When the clock moved from the pocket watch to the wrist, it was an opportunity for an injection of fresh design. By today’s standards, trench watches, or “wristlets” as they were known, look quite radical. The demands of trench warfare meant that soldiers needed to protect their watches while entering and exiting the trenches, so naturally the crystal was the primary element to protect. The crystal was often guarded by a hinged cage that was designed as to not obscure the numerals, a design element that was carried over from the pocket watch. The symmetry and design flair in guard designs were a detail that set trench watches apart from contemporary watches in such a fantastic way.
It is a design feature that is both beautiful and problematic because the hands are easily obscured by the guards, making the time more difficult to read, but there is no denying that there is something fascinating about the ironic elegance emerging from solving a simple durability problem. The crystals on trench watches were mineral glass, which was relatively fragile. Shattering-resistant Plexiglass emerged in the 1930s and brought the crystal guard to an end.
Engraving names, titles and places on the caseback also carried over from pocket watches. Though dog tags had been implemented during WWI, a personalised engraving could serve as a redundancy system for identification. Roughly 2.8 million American soldiers served overseas during WWI. About 1.8 million of them were in France.

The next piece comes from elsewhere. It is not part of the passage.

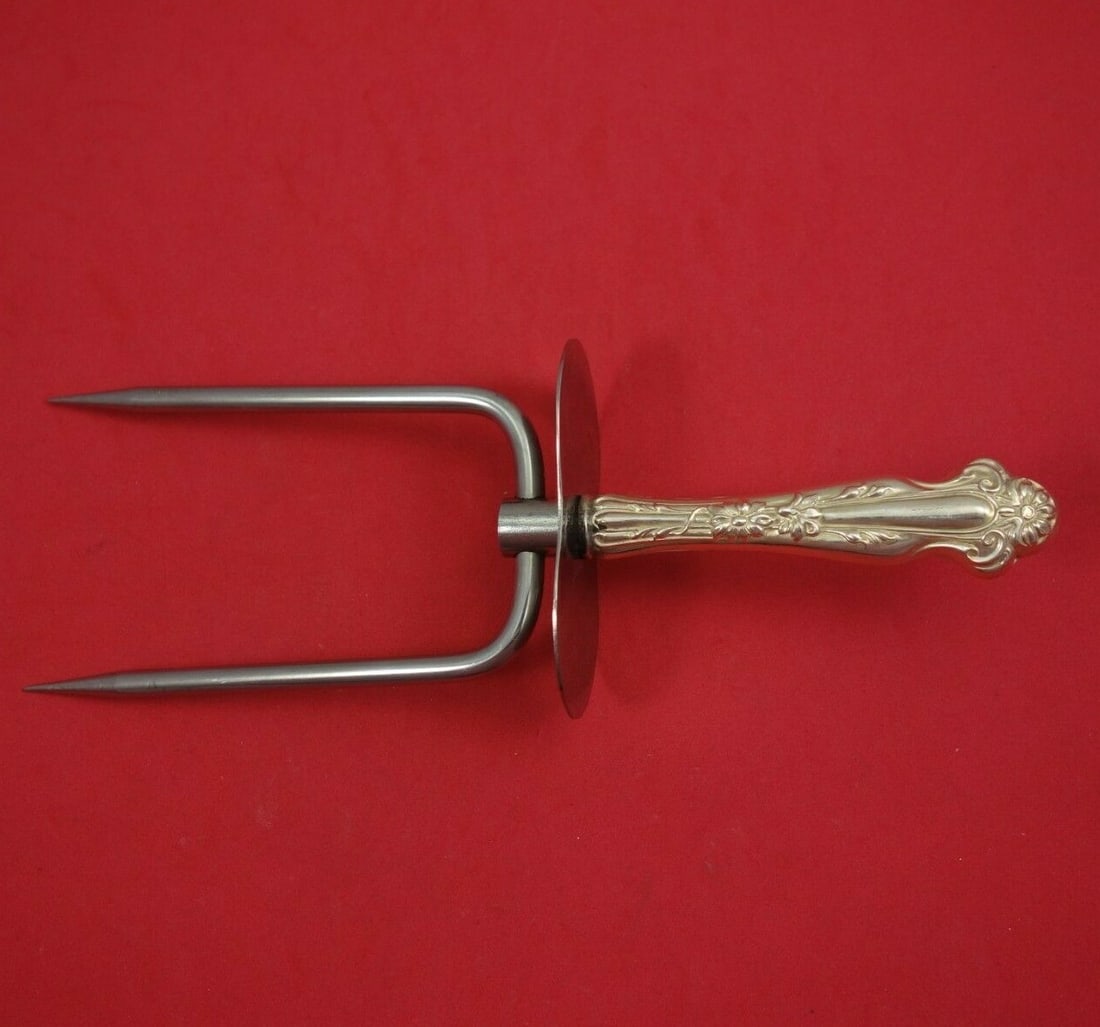 Blackinton Daisy Sterling Silver Roast Holder 8.5 Inch (1 of 2)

Contemporary watch design has generally stayed the same since the mid-century era, with many companies cranking out models that often reference their own designs from that time. Some design features emerging during the trench watch era ended up dying there. Enicar produced a teardrop-shaped case that featured an integrated compass made from sterling silver. The curvature of the case fits the wrist perfectly and the way the compass is worked into the case is something I have not seen on any other watches. From a function standpoint, it is brilliant but there is also an undeniable beauty that just has not been present in watch design ever since. And this was a watch made for fighting wars! — Bloomberg
This article was originally published on Hodinkee.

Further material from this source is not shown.